This human tendency to protect one’s own group at the expense of others is the same protective instinct that brought the Nazis to power and prevented refugee Jews from settling in Depression-era America. It is understandable, and it is a powerful motivator, but it bears no righteousness. By building a campaign entirely on this message, aimed at the people that would be most susceptible to zero-sum resentment, Trump won the election.

In the process, Trump courted and empowered a coalition of truly deplorable people: the Klansmen David Duke; the neo-Nazi publication The Daily Stormer; the publication Breitbart, which peddle in misogyny and hate; the paranoid anti-Semite Alex Jones. Black churches and mosques were burnt and vandalized with “Vote Trump” as calling cards.

And par for the course, Trump used anti-semitic tropes — a star of David to represent corruption, pictures of Jews to represent “international banks” and the “global power structure” — to signal that he was on the side of the Jew-haters, too.

“I mean it’s not that Jews are bad, it’s just they are the head of the Jewish mafia in the United States. … They run the health care, they’re going to scam you, they’re going to hurt you.”
-
Alex Jones
“Your reputation is amazing. I will not let you down.”
- Donald Trump to Alex Jones
“This room negotiates deals. Perhaps more than any room I’ve ever spoken to…You’re not going to support me because I don’t want your money.”
- Trump to the Republican Jewish Coalition
“We have a wonderful OPPORTUNITY here folks, that may never come again. Donald Trump’s campaign statements, if nothing else, have SHOWN that ‘our views’ are NOT so ‘unpopular’ as the Political Correctness crowd have told everyone they are!”
- Rocky J. Suhayda, the head of the American Nazi Party
“Only Trump can turn back the brown tide, and thinking Whites know this.” 
- Endorsement for Trump in the neo-Nazi publication VNN
Not-accidental usage of the Star of David

So of course, bullying is on the rise in schools across the country. The Klan is marching triumphantly. High school students are declaring “white power” to minority classmates. Muslim women wearing hijabs have been violently threatened. Swastikas are appearing on store fronts. An anti-Semite will be a Senior Strategist in the White House. Every sociopath and bully and misogynist and neo-Nazi now feels vindicated by a kindred spirit in the White House, and the stories of disgusting hatred following the election keep piling up.

People are terrified. Suicide hotlines are receiving record numbers of calls. Children are scared that their parents will be deported. Muslim women are afraid to wear head scarves in public. These fears are completely rational. And it’s just the beginning.
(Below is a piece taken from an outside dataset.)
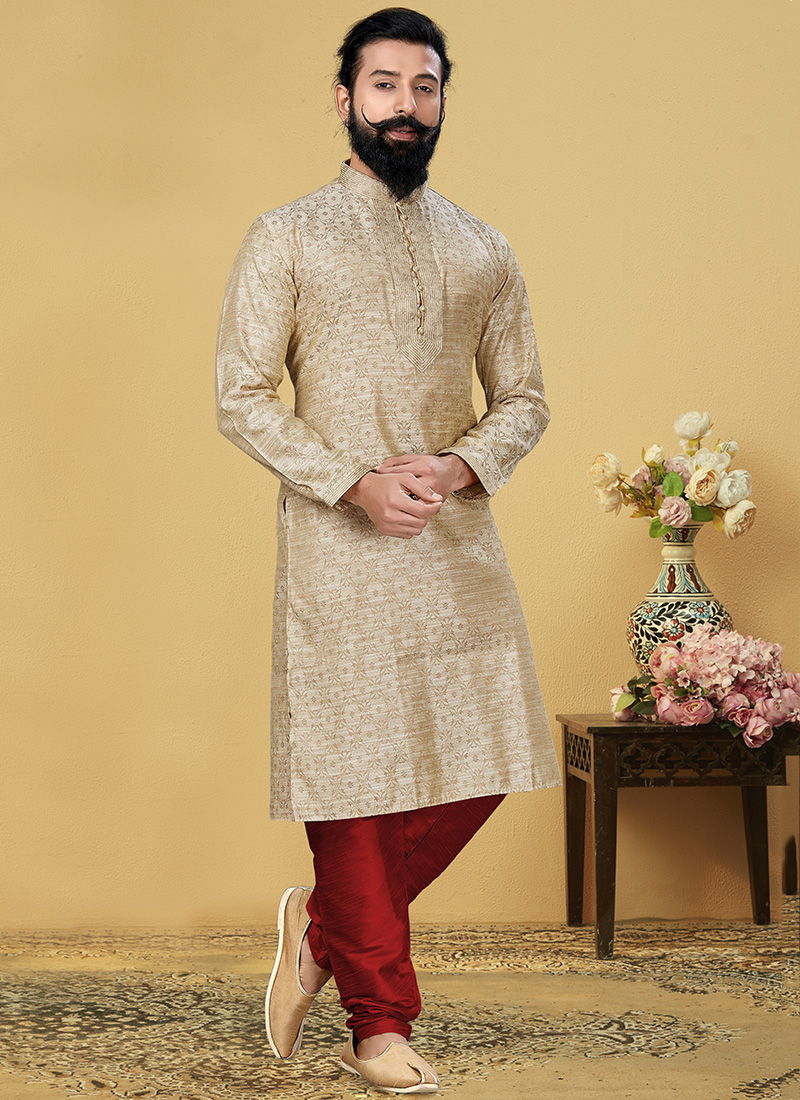 Buy Reception Wear Beige Jacquard Silk Weaving Work Latest Kurta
These were not accidental side effects — they were essential to the movement. Trump’s rallies were scenes of racist vitriol and violence and Trump egged it all on. “I’d like to punch him in the face,” Trump told a rally about a protester. “In the old days, they would be carried out on a stretcher.”

The people who voted for Trump accepted this, vindicated it, and need to reckon with the consequences.
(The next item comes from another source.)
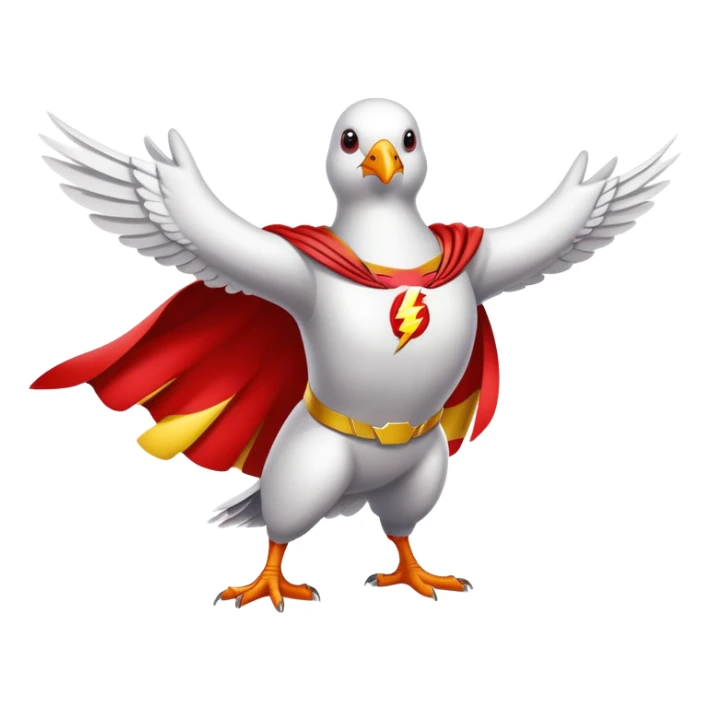 white pigeon wearing Flash superhero costume sticker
This election was about more than the usual politics. This election was about whether good people have the courage — even at personal cost — to stand for basic human decency, and for the value that all people deserve dignity.

And the 28% of Jews who voted for Trump said, No. Each for their own reason said that something — maybe the Republican party’s past relationship to Israel, or a tax cut, or a job lost to trade, or the corruption of the establishment — made it OK to build a populist movement by denigrating and threatening other people.
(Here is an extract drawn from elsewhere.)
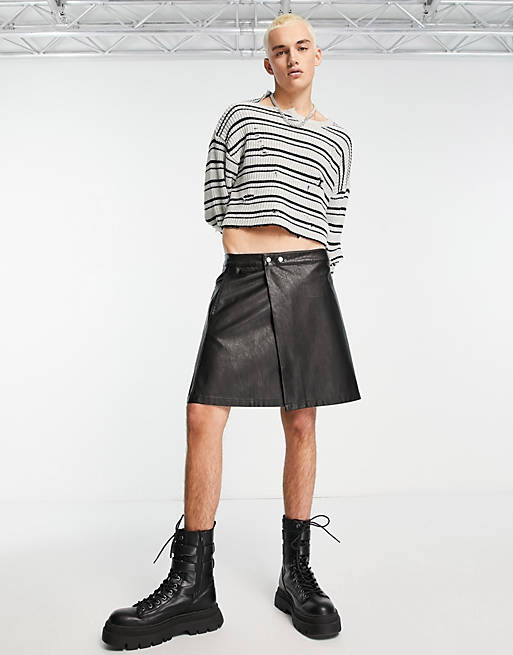 ASOS DESIGN wrap around leather look skirt with popper fasting in black
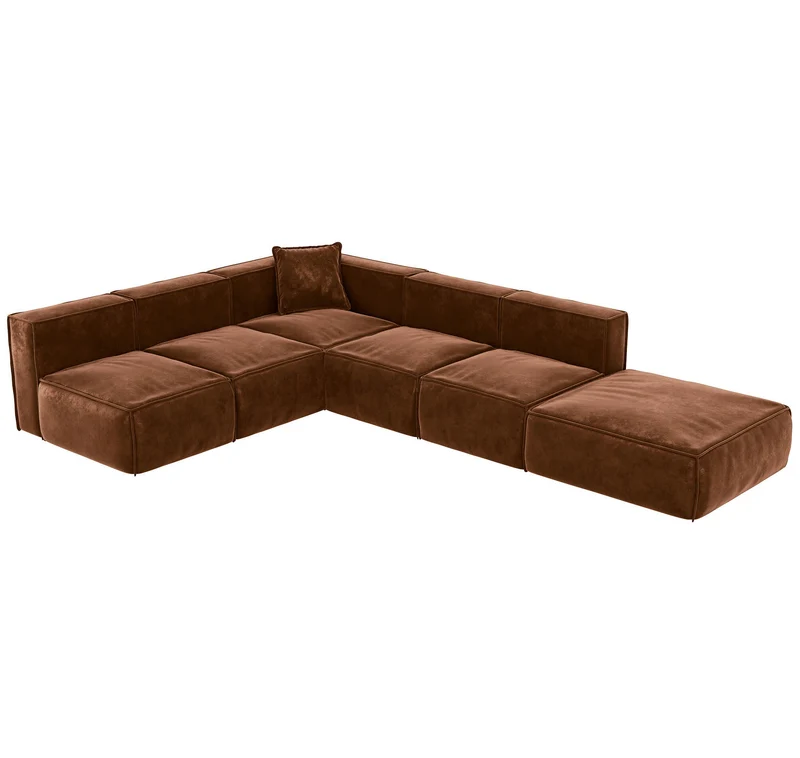Canapé modulable XL ROLF Tissu effet cuir vintage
Like many Germans in 1930, who just wanted good jobs and stability, the Jews who voted for Trump are not all bigots. There were economists and experts who supported the Nazi platform too, and plenty of voters who were just sick of the status quo. We have nothing to do with those bad apples, they could say. The other candidates weren’t perfect. But ultimately, in casting their vote for the Nazis, they eschewed the path of righteousness.

If you are Jewish and voted for Trump, know that you stood on the side of, and empowered, a movement of vicious hatred. You have no moral authority to complain the next time a swastika is spray-painted on a synagogue door, or the next time a Jew is attacked for wearing a yarmulke. You legitimized all of these people. You supported the leader of a movement based on their resentment. The next time you wonder how good people in Europe could have stood by as the Jews were scapegoated and rounded up and deported, look in the mirror.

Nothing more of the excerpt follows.